(Dataset items)

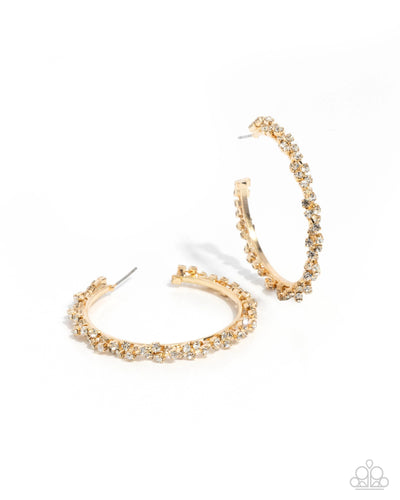 Divine Decoding - Gold - Earring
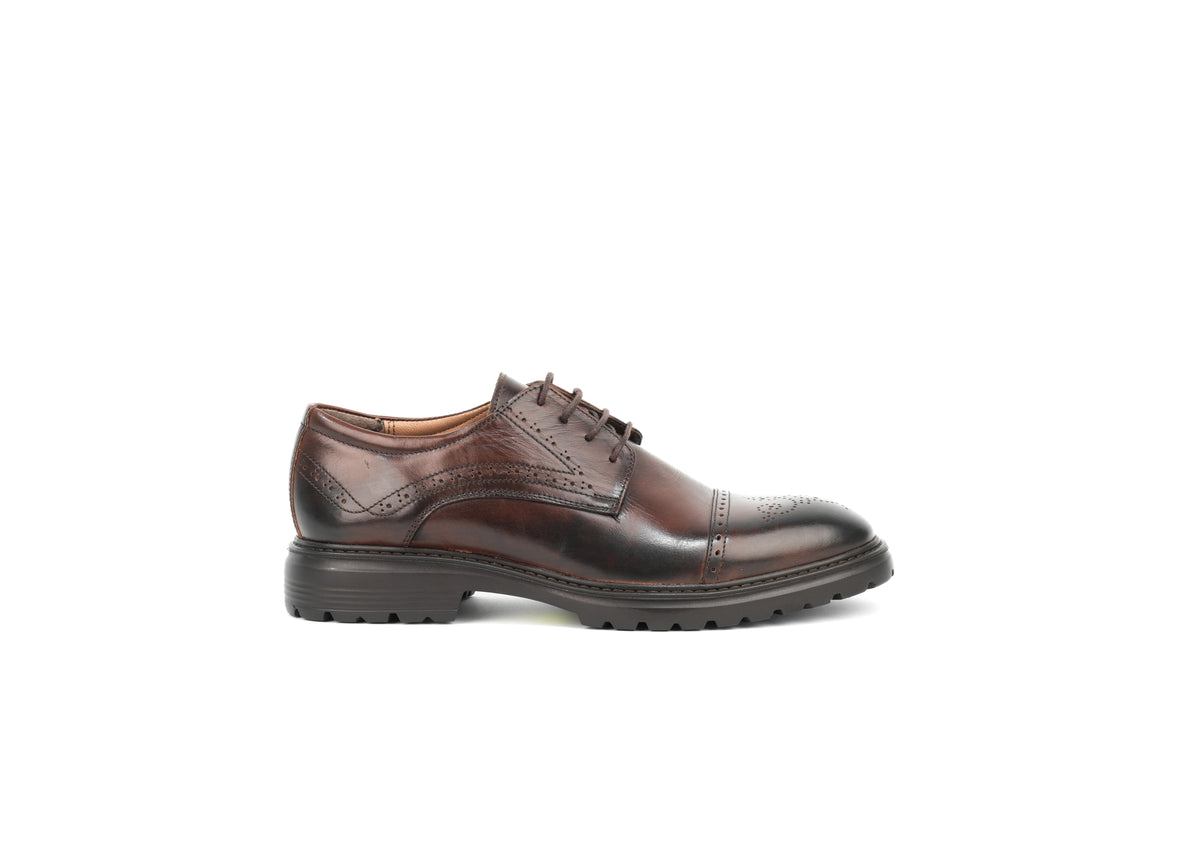 Derby Marrone Raffaele – Florida Shoes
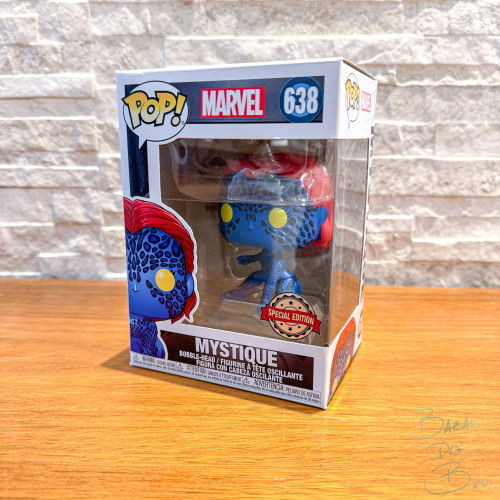 Funko Pop Mystique - Marvel #638-Marvel-638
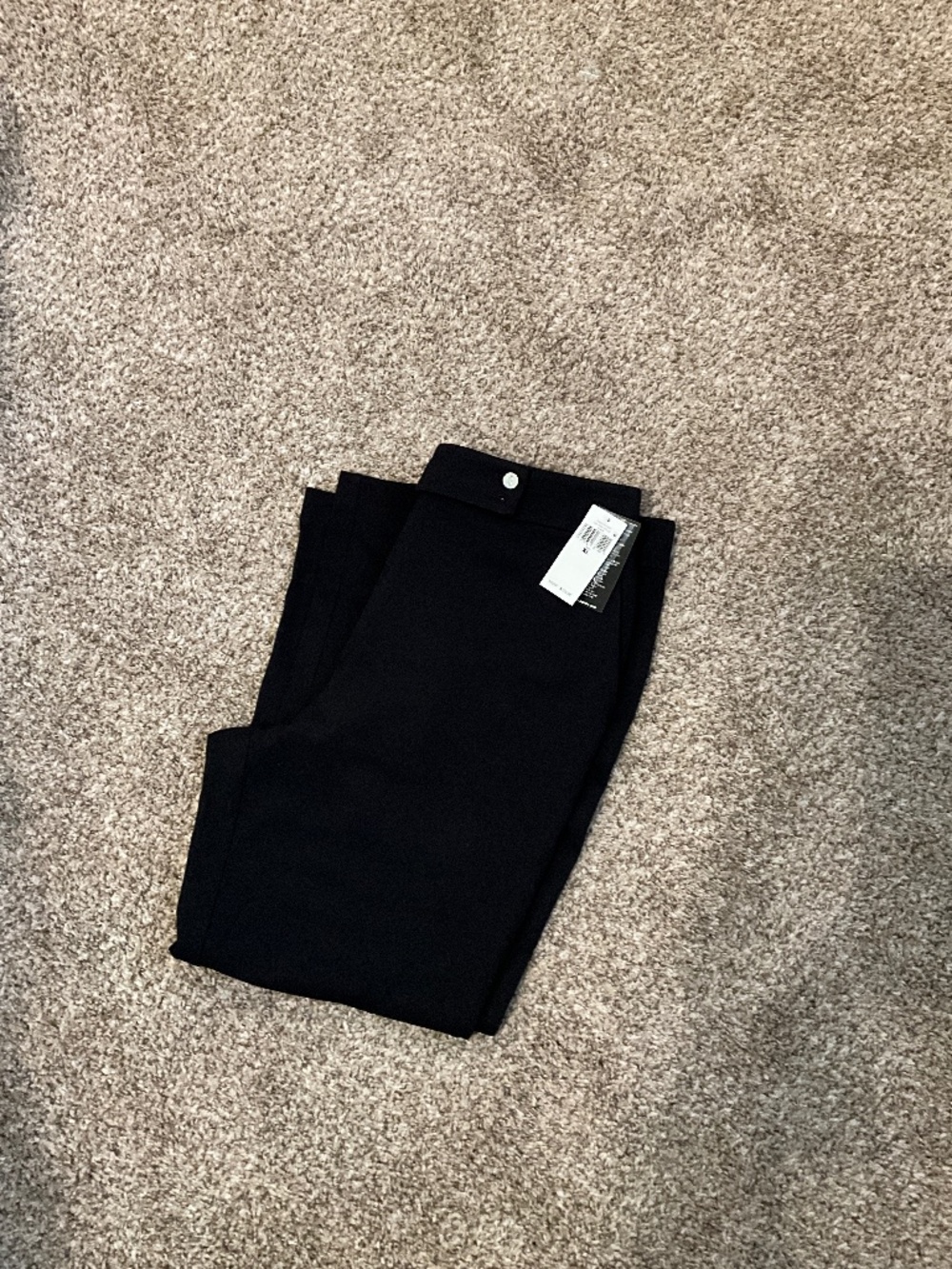 Black dress pants NWT. XL.  Lauren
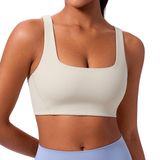 Sutiã Esportivo Crz Yoga Butterlift Com Forro Duplo E Gola Quadrada
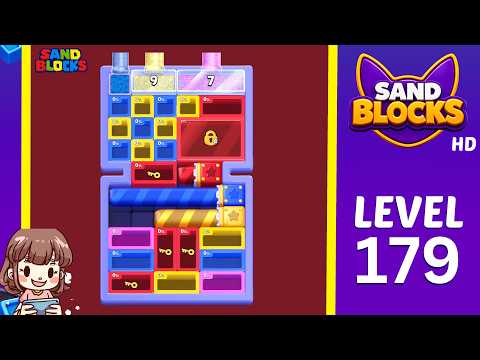 Sand Blocks Level 179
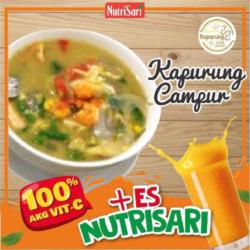 Kapurung Campur Nutrisari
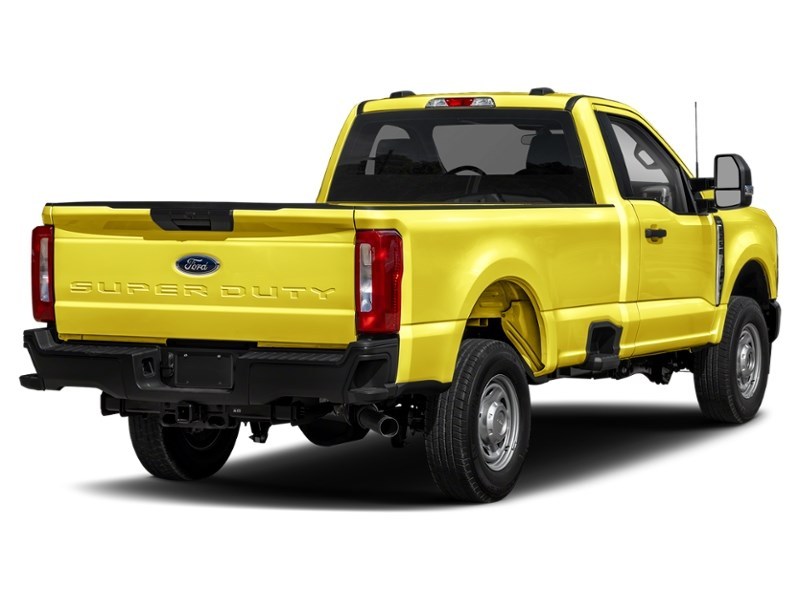 2026 Ford F-250 XL 4WD Reg Cab 8' Box Yellow  Shot 8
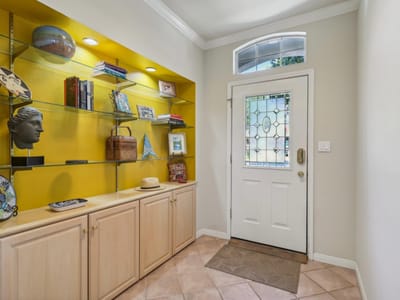 Primary bedroom at 617 Evergreen Ln - 3 bed 3 bath home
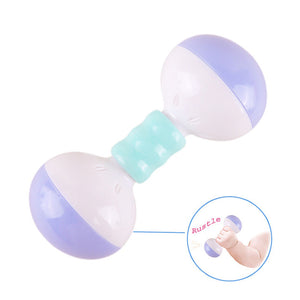 Newborn Teether Hand Bells Baby Toys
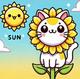 SunFlowerCat logo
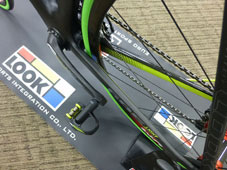 LOOK 2015 ROADBIKE 695 LIGHT FRAME SET GRAYACID CHAINSTAY（ルック 2015年 モデル ロードバイク ライト フレームセット グレーアシッド チェーンステイ）  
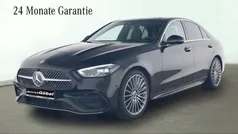 Schwarz Gebraucht 2024 Mercedes C180 AMG Limousine | 41.990 € (Fairer Preis)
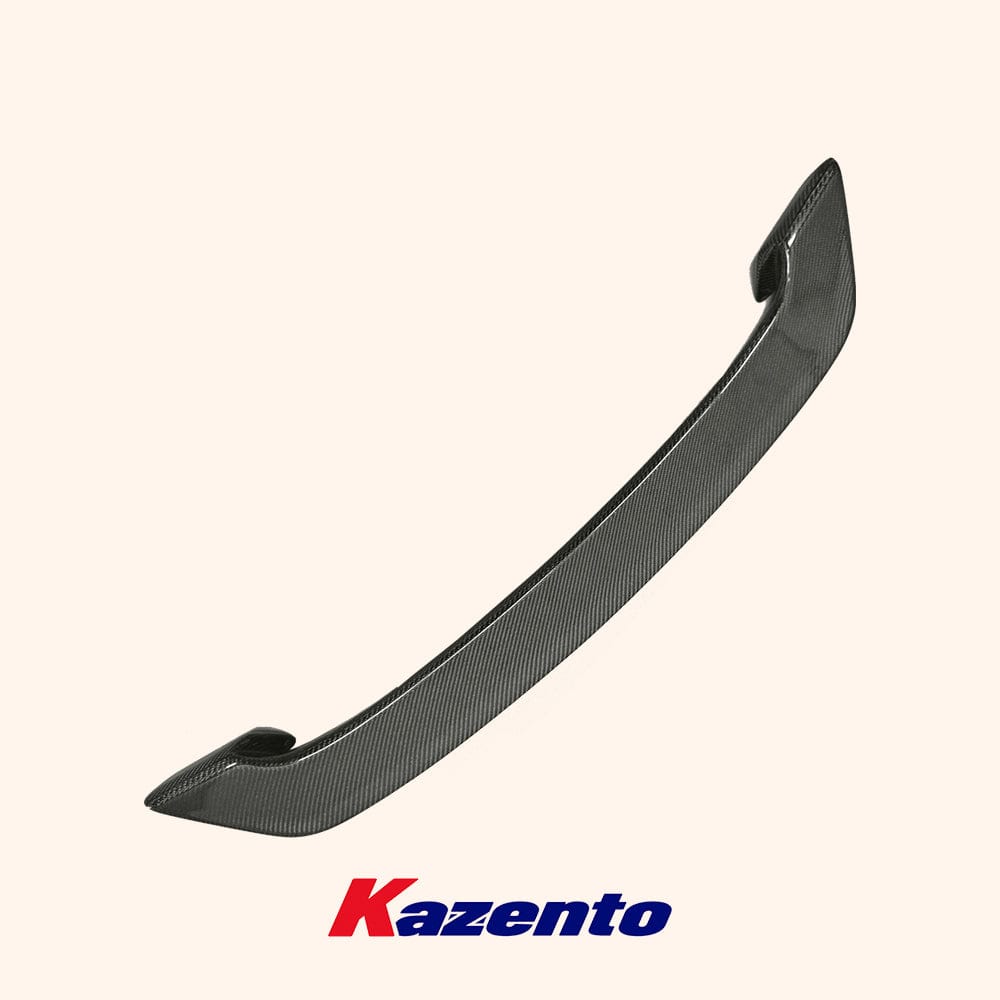 Porsche Boxster 987 Techart Style Carbon Fiber Rear Spoiler Trunk Wing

▶ Aim of the task:
Copy out every entry above, character for character, excluding pictures.

▶ Exercise answer:
 Divine Decoding - Gold - Earring
 Derby Marrone Raffaele – Florida Shoes
 Funko Pop Mystique - Marvel #638-Marvel-638
 Black dress pants NWT. XL.  Lauren
 Sutiã Esportivo Crz Yoga Butterlift Com Forro Duplo E Gola Quadrada
 Sand Blocks Level 179
 Kapurung Campur Nutrisari
 2026 Ford F-250 XL 4WD Reg Cab 8' Box Yellow  Shot 8
 Primary bedroom at 617 Evergreen Ln - 3 bed 3 bath home
 Newborn Teether Hand Bells Baby Toys
 SunFlowerCat logo
 LOOK 2015 ROADBIKE 695 LIGHT FRAME SET GRAYACID CHAINSTAY（ルック 2015年 モデル ロードバイク ライト フレームセット グレーアシッド チェーンステイ）  
 Schwarz Gebraucht 2024 Mercedes C180 AMG Limousine | 41.990 € (Fairer Preis)
 Porsche Boxster 987 Techart Style Carbon Fiber Rear Spoiler Trunk Wing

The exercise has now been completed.